**DIRECTIONS FOR THIS TASK**.
Each line between the one holding "Umgeni Road Temple Wedding Photography" and the end of the material below, both included, is to be transcribed word for word, with pictures left out.

**DATA TO PROCESS**.
####
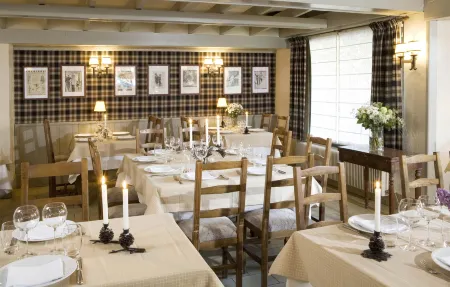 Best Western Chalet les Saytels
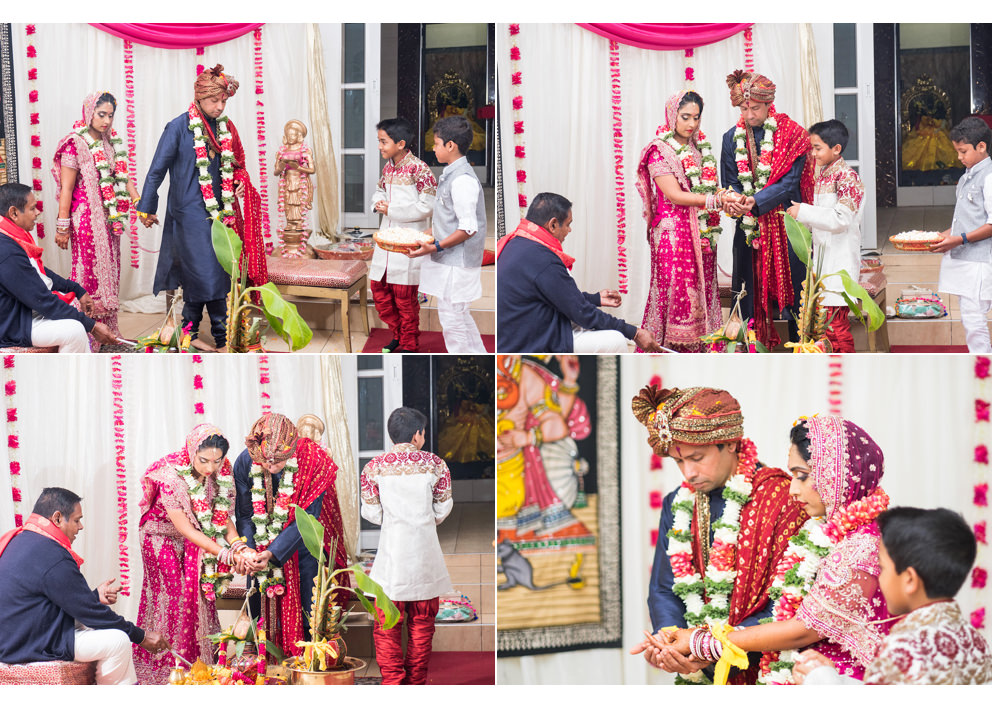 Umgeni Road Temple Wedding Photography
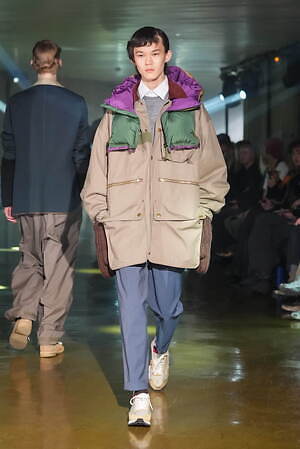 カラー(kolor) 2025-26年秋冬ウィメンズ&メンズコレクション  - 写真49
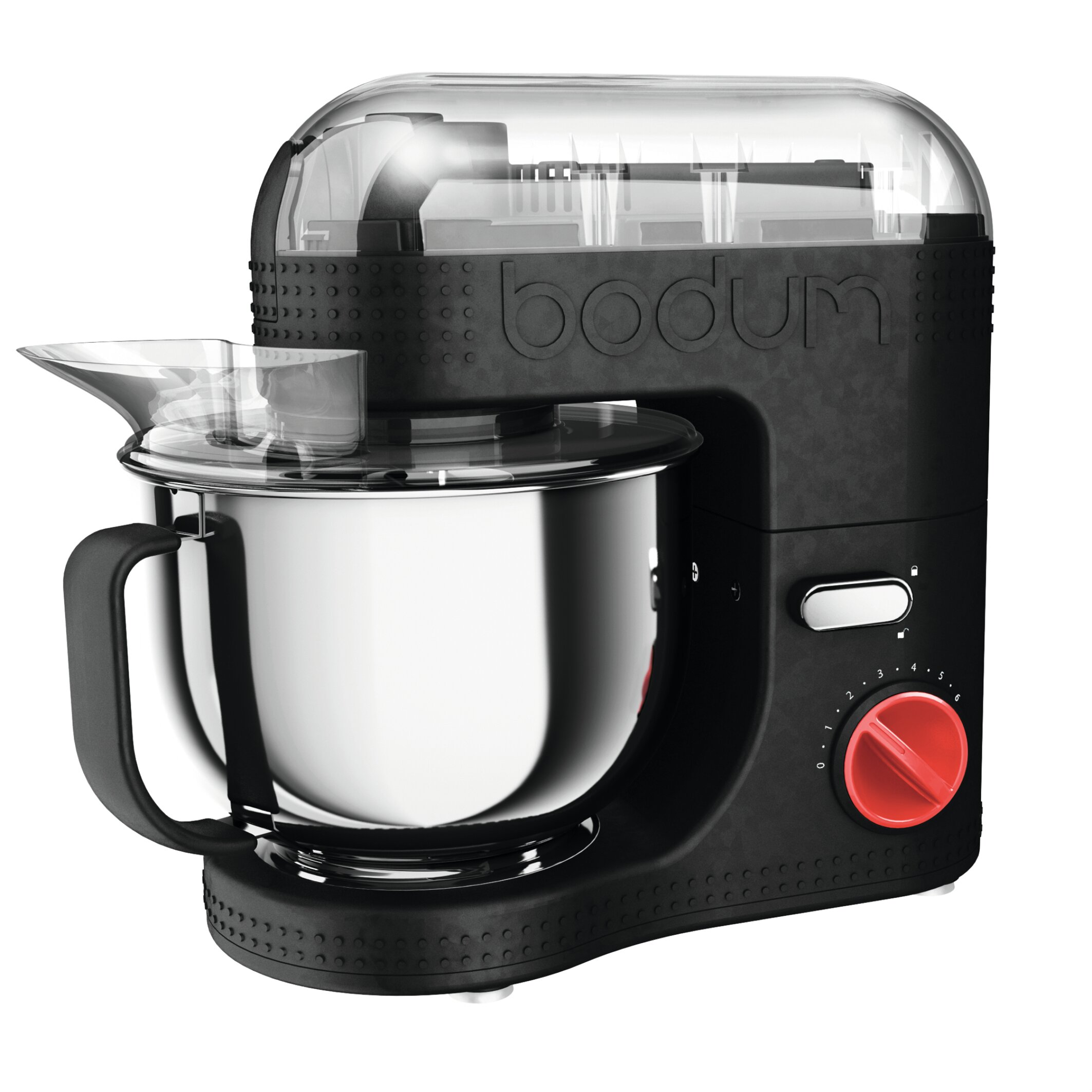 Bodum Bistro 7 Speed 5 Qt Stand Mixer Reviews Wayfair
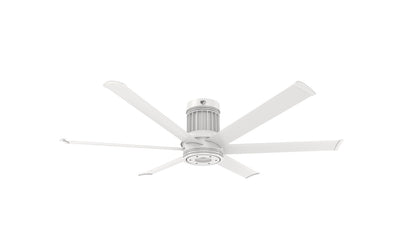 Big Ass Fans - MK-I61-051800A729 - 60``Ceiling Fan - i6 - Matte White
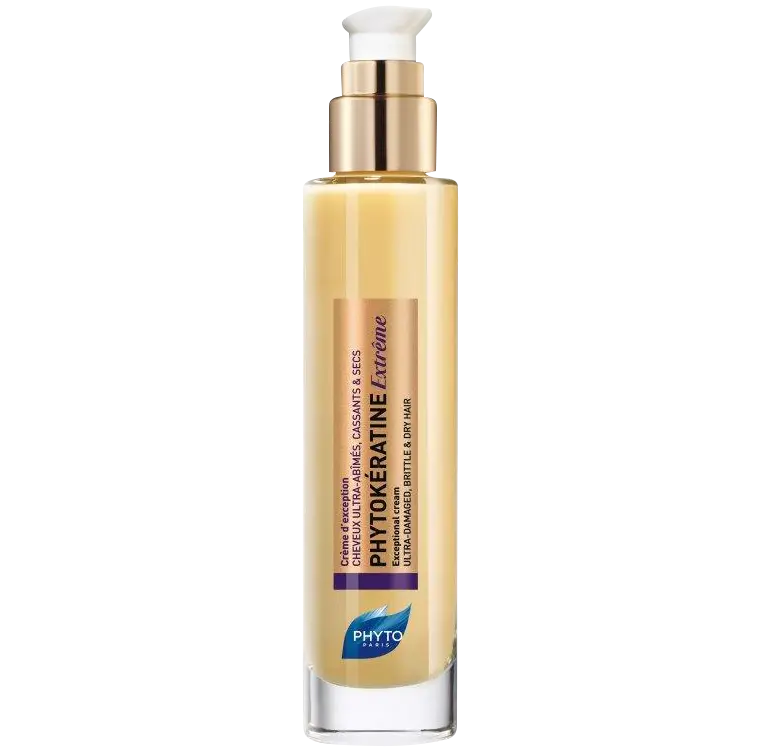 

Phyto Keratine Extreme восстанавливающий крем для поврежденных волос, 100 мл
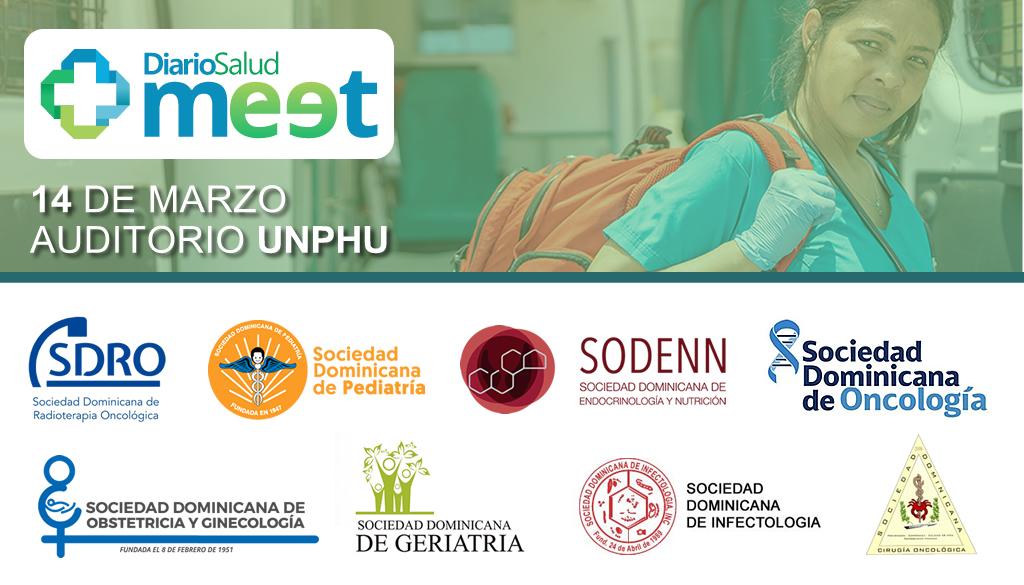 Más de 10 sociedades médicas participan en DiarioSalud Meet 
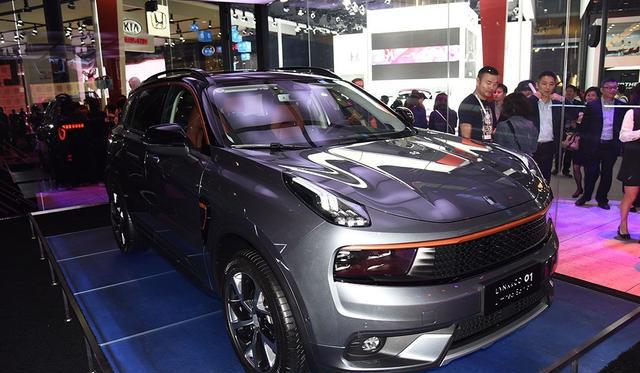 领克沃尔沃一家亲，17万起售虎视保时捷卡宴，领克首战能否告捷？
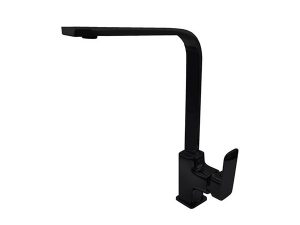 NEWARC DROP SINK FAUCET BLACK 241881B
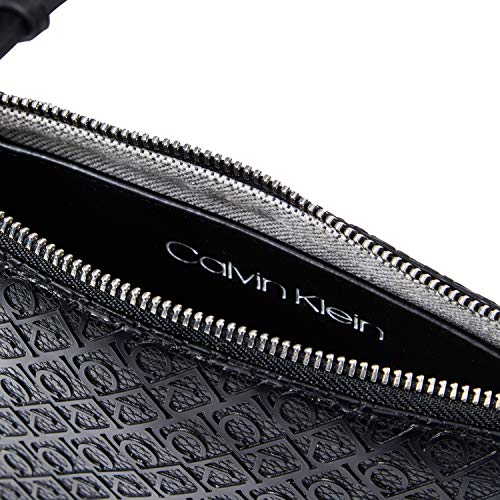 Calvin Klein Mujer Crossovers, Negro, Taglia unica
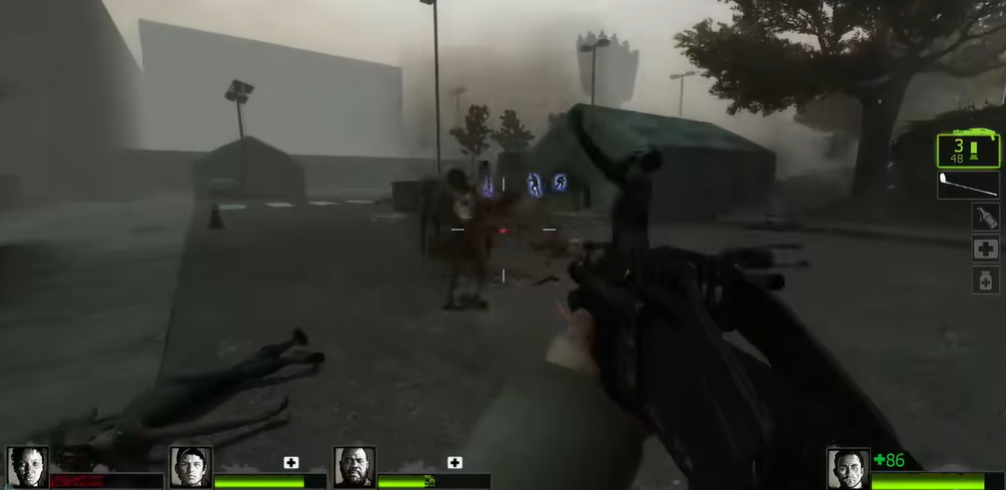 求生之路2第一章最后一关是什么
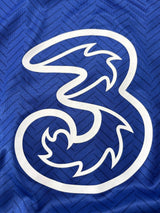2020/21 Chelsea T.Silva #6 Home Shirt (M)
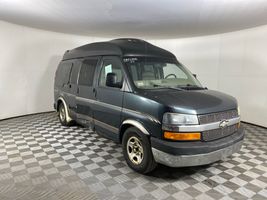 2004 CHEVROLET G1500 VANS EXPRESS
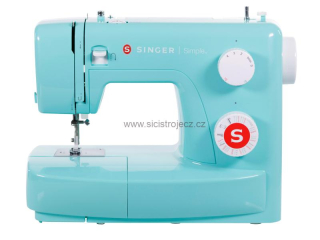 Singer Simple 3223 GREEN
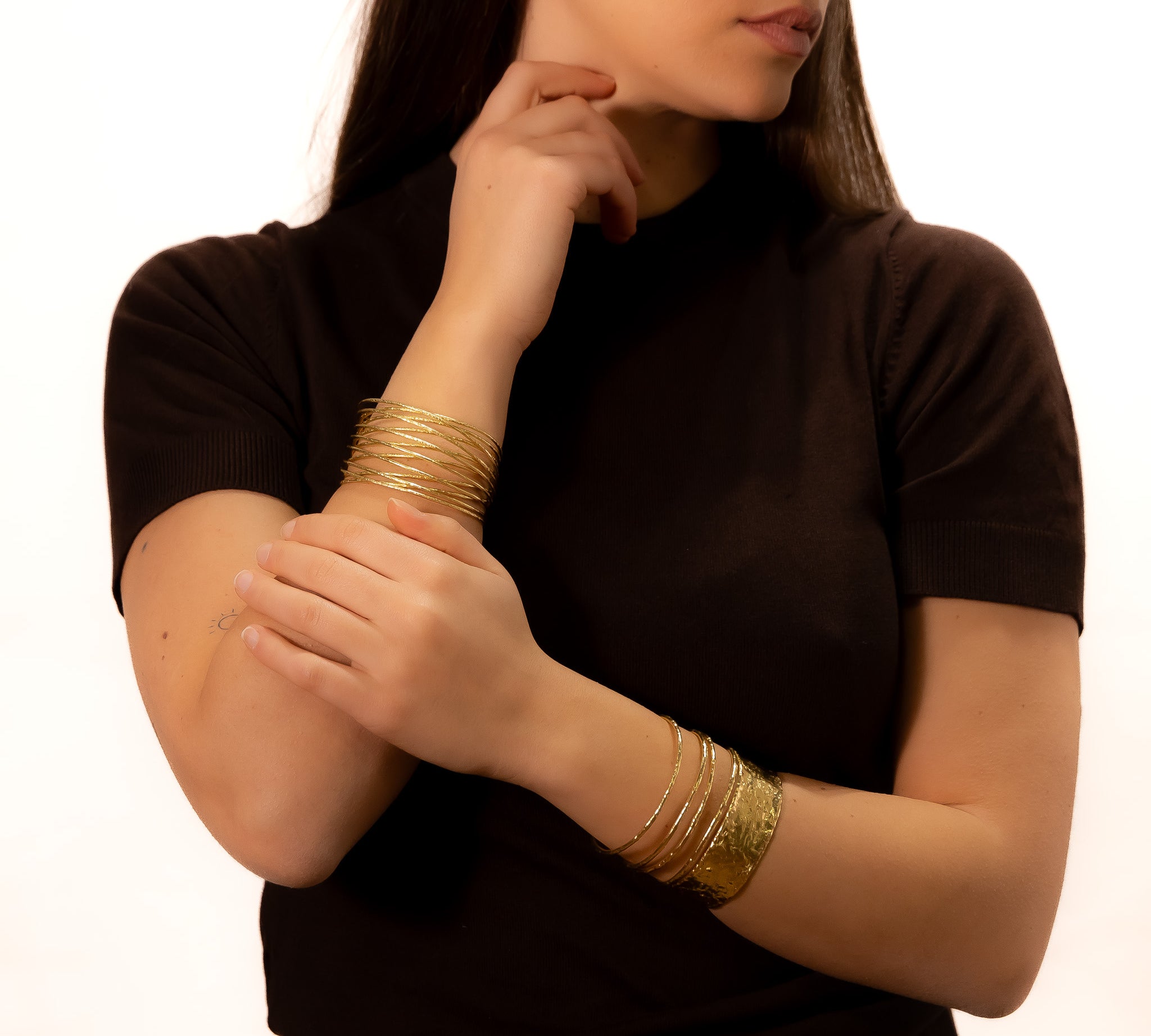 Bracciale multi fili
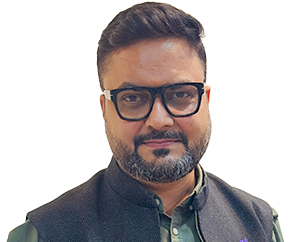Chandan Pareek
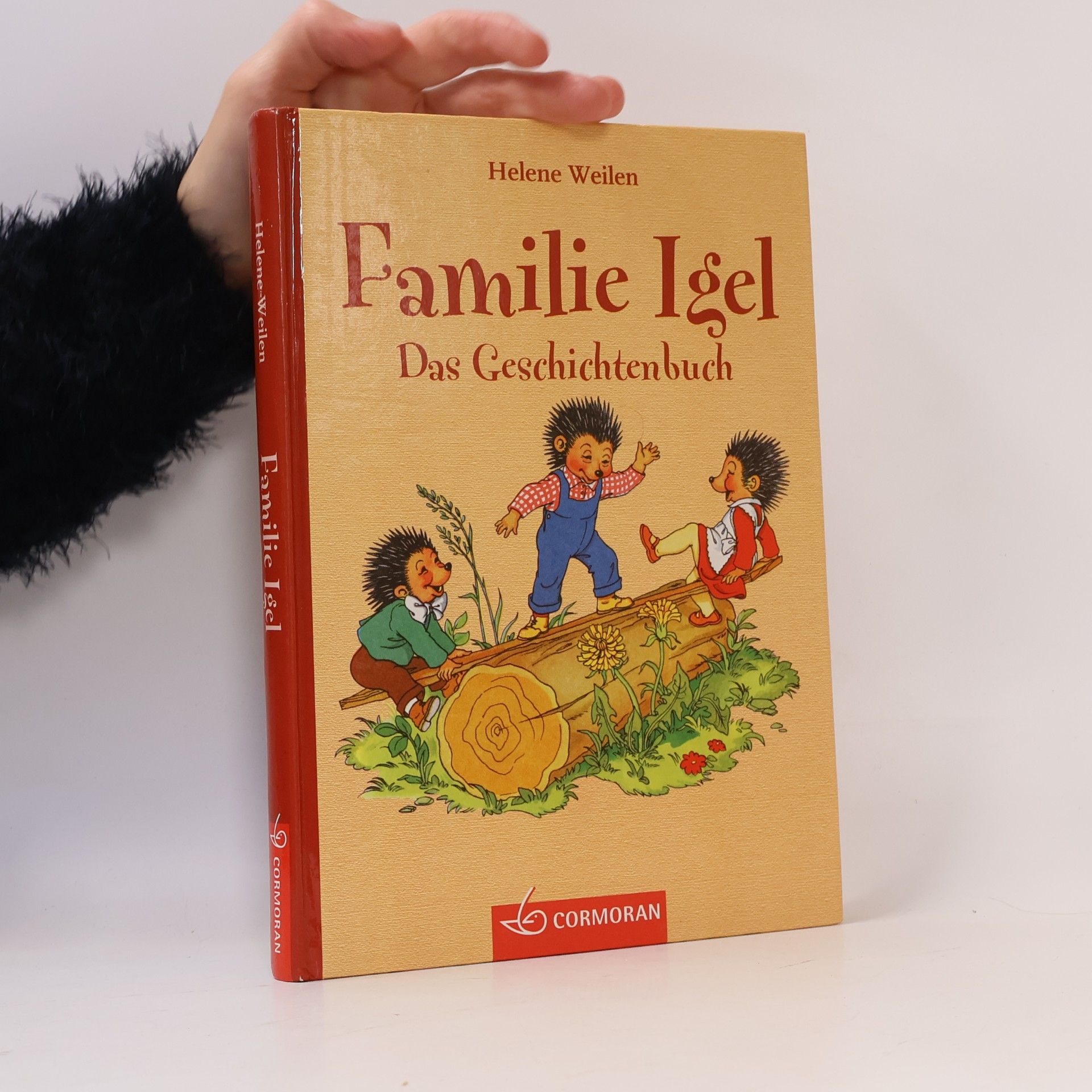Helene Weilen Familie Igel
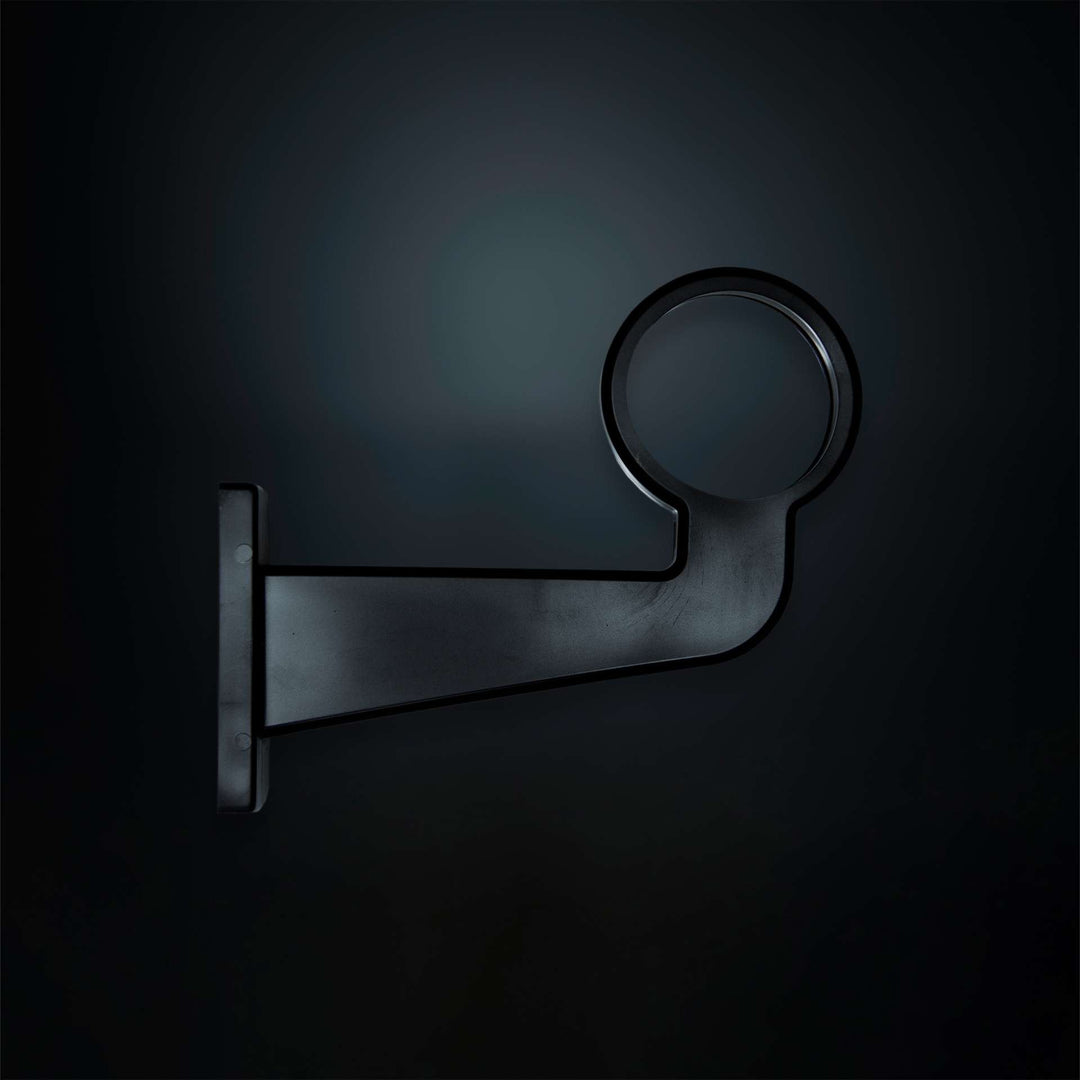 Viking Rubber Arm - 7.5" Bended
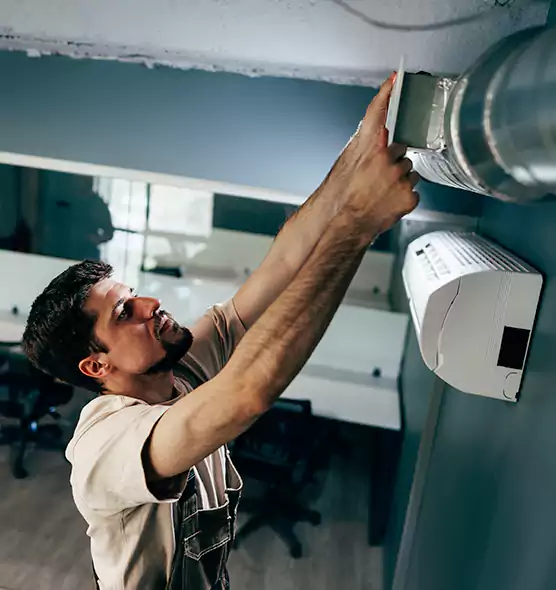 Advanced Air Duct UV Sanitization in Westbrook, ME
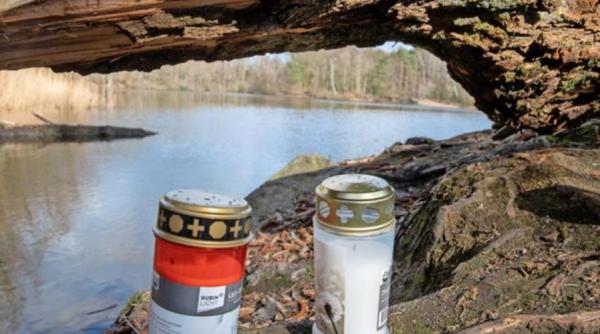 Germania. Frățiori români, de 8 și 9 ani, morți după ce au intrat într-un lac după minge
####
**EXERCISE RESPONSE**.
 Umgeni Road Temple Wedding Photography
 カラー(kolor) 2025-26年秋冬ウィメンズ&メンズコレクション  - 写真49
 Bodum Bistro 7 Speed 5 Qt Stand Mixer Reviews Wayfair
 Big Ass Fans - MK-I61-051800A729 - 60``Ceiling Fan - i6 - Matte White

Phyto Keratine Extreme восстанавливающий крем для поврежденных волос, 100 мл
 Más de 10 sociedades médicas participan en DiarioSalud Meet 
 领克沃尔沃一家亲，17万起售虎视保时捷卡宴，领克首战能否告捷？
 NEWARC DROP SINK FAUCET BLACK 241881B
 Calvin Klein Mujer Crossovers, Negro, Taglia unica
 求生之路2第一章最后一关是什么
2020/21 Chelsea T.Silva #6 Home Shirt (M)
 2004 CHEVROLET G1500 VANS EXPRESS
 Singer Simple 3223 GREEN
 Bracciale multi fili
Chandan Pareek
Helene Weilen Familie Igel
 Viking Rubber Arm - 7.5" Bended
 Advanced Air Duct UV Sanitization in Westbrook, ME
 Germania. Frățiori români, de 8 și 9 ani, morți după ce au intrat într-un lac după minge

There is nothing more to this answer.